__EXERCISE DESCRIPTION__:
Reproduce only the lines of the material below that start at the line containing "Talia Home çocuk" and stop at the line containing "Victorian burr walnut card-table baize". Keep both end lines.
* * * * *
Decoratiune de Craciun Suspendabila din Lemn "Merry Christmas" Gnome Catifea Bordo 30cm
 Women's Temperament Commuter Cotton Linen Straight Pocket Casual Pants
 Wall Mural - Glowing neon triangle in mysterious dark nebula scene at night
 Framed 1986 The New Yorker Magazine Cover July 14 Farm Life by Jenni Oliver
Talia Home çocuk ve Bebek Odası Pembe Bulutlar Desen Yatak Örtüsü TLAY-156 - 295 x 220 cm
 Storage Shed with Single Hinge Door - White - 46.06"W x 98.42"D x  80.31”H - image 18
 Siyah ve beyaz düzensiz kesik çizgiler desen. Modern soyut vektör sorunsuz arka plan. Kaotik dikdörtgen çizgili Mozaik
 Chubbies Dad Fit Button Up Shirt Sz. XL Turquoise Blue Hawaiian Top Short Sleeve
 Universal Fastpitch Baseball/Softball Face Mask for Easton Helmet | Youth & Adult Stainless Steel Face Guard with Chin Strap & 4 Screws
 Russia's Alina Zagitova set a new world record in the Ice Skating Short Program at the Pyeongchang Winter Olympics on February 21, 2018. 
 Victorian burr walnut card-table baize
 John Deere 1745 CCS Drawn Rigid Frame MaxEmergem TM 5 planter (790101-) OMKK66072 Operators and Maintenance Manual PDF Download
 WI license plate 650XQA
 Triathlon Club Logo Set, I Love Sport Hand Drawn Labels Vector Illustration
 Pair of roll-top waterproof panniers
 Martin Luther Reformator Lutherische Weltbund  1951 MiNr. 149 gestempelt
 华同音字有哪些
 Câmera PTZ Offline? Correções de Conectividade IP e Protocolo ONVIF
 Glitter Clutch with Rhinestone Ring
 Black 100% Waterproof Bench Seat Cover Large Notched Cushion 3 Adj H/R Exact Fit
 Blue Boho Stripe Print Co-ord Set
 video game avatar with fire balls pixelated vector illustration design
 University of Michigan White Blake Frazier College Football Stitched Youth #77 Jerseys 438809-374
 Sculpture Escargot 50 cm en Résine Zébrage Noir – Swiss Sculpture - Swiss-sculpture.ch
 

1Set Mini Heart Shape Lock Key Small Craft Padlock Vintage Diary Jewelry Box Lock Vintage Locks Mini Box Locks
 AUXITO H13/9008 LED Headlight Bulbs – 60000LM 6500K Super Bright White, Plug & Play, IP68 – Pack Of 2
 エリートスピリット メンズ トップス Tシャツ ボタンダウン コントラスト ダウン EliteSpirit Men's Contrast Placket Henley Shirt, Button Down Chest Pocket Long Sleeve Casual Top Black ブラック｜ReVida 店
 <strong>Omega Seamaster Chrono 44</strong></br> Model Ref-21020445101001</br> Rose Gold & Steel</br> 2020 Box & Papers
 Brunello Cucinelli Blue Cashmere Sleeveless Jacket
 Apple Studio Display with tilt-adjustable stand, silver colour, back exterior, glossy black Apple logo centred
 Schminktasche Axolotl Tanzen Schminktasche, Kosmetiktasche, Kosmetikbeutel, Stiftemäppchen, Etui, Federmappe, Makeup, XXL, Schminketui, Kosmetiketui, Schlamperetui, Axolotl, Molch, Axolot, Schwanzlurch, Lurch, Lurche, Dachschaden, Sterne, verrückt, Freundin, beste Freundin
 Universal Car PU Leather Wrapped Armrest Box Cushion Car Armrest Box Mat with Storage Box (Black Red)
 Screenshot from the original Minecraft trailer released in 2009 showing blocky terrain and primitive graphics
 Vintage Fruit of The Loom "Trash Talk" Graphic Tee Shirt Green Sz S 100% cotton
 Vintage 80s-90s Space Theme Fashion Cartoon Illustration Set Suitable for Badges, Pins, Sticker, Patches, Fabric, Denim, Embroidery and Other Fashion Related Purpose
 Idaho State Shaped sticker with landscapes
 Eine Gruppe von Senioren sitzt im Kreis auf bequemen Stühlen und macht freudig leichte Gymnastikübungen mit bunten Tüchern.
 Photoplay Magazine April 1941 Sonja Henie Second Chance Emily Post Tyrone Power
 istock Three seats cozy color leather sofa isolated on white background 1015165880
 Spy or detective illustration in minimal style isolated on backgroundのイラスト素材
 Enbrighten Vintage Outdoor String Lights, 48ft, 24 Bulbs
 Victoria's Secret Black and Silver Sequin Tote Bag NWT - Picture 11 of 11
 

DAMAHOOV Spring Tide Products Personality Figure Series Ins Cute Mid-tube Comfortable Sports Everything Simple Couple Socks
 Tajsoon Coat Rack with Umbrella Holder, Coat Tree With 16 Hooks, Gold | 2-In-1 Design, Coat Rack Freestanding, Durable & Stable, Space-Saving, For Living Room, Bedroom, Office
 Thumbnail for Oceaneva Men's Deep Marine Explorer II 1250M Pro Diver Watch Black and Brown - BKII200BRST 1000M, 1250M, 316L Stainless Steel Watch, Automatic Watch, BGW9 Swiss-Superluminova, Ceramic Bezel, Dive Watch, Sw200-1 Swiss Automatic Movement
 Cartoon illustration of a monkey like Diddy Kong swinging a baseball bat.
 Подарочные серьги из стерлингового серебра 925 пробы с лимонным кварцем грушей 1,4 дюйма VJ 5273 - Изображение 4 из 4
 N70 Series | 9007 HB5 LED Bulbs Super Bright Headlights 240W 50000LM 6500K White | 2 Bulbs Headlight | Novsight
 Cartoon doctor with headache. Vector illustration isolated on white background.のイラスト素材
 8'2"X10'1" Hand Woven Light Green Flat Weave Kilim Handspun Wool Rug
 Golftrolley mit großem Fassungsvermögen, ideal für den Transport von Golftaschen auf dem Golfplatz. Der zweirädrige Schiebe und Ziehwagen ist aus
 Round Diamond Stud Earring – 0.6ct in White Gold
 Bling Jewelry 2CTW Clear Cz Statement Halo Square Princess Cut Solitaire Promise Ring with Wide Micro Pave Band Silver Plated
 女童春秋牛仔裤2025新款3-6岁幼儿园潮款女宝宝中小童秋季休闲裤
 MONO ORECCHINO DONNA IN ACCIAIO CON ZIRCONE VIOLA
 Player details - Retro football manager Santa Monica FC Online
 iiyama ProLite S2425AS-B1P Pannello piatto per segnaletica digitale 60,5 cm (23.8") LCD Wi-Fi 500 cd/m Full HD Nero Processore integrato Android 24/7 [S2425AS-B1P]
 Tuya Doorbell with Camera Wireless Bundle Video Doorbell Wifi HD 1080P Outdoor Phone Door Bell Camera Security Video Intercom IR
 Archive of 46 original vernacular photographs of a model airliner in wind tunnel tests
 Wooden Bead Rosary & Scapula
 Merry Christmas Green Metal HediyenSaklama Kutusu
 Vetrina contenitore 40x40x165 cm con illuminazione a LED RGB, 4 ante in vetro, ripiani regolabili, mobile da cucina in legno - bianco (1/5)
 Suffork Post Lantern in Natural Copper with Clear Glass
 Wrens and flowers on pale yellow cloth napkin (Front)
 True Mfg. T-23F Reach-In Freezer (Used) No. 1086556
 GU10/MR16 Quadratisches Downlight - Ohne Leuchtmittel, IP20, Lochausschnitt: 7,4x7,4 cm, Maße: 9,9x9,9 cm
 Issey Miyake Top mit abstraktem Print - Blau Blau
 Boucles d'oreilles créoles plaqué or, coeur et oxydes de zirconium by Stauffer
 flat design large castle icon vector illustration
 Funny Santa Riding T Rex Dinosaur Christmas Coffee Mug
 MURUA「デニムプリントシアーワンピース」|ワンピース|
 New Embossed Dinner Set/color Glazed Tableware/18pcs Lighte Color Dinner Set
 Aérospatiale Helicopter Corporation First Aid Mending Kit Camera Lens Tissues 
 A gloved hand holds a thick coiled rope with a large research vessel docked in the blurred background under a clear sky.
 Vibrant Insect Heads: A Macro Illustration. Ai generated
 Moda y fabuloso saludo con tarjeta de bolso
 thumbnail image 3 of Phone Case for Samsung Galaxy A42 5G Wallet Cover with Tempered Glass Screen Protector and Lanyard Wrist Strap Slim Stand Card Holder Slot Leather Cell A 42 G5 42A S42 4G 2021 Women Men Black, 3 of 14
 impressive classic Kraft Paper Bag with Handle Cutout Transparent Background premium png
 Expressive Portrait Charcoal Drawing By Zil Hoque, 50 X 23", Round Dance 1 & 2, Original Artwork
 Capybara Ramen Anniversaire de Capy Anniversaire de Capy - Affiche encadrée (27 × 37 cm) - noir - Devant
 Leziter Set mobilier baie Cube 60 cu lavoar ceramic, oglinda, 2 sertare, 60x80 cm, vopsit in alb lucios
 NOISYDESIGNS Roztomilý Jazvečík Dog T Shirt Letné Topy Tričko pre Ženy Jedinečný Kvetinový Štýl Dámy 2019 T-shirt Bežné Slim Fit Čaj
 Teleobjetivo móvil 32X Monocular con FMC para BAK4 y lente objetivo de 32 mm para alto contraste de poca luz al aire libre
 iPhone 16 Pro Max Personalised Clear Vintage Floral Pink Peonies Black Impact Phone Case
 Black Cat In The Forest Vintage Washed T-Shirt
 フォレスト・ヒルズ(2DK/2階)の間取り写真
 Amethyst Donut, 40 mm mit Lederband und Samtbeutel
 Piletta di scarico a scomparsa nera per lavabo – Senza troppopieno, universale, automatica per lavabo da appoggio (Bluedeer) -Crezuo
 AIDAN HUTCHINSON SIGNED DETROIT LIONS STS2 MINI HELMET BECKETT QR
* * * * *
__ANSWER BOX__:
Talia Home çocuk ve Bebek Odası Pembe Bulutlar Desen Yatak Örtüsü TLAY-156 - 295 x 220 cm
 Storage Shed with Single Hinge Door - White - 46.06"W x 98.42"D x  80.31”H - image 18
 Siyah ve beyaz düzensiz kesik çizgiler desen. Modern soyut vektör sorunsuz arka plan. Kaotik dikdörtgen çizgili Mozaik
 Chubbies Dad Fit Button Up Shirt Sz. XL Turquoise Blue Hawaiian Top Short Sleeve
 Universal Fastpitch Baseball/Softball Face Mask for Easton Helmet | Youth & Adult Stainless Steel Face Guard with Chin Strap & 4 Screws
 Russia's Alina Zagitova set a new world record in the Ice Skating Short Program at the Pyeongchang Winter Olympics on February 21, 2018. 
 Victorian burr walnut card-table baize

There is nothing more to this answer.